Is it a report or bill that does not require attention until next week? Then file it directly into a folder that you will open next week. Don’t leave it sit on your desk. If you do, every time you glance at it you will be distracted and you will lose focus from what you should be doing at that moment. Losing focus matters, even if only for a few seconds.
Is it something that doesn’t require your attention at all; perhaps an advertisement that you have no interest in? Try tossing it now. Don’t put in on your desk to deal with later; if you do that often enough, later will end up requiring twenty minutes of your time sorting through trash that you should have discarded already.
If the piece of paper requires your immediate attention, then give it. Complete the task at that moment and be done with it. If you can’t give it your full attention at that moment, put the piece of paper in a place where you can retrieve it quickly when you can give it your full attention. On top of your desk is not the right place. Try a top drawer or an inbox that sits behind you out of your direct field of vision.

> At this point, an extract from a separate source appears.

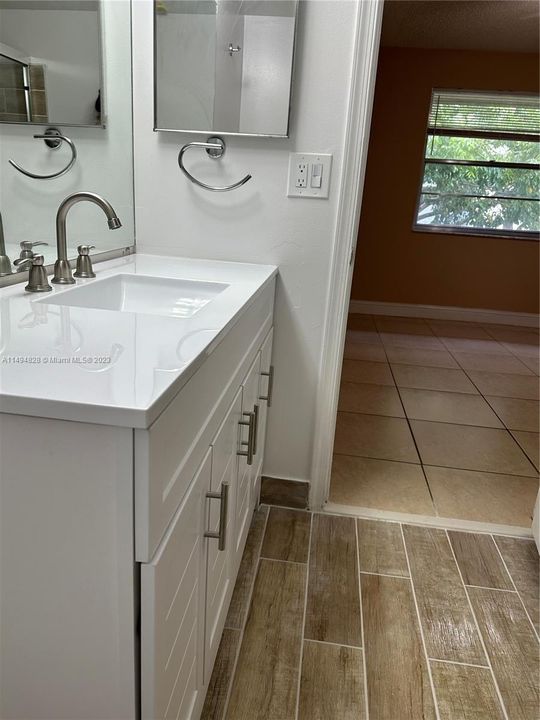 Recently Sold: $240,000 (2 beds, 2 baths, 805 Square Feet)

Time management is about a lot of small things. It is about small habits that change your daily behaviors and help you become more organized. If you learn to manage the minutes, the hours will simply fall into place. Before you know it, something as small as touching a piece of paper only one time can add an extra 5 minutes of productive time to your day. Five minutes, five days per week, 50 weeks per year (I’m assuming a two-week vacation)…That comes to an extra 1,250 minutes in a year. That’s nearly 21 extra hours to enjoy. That is almost an entire extra day – all from creating one very small habit.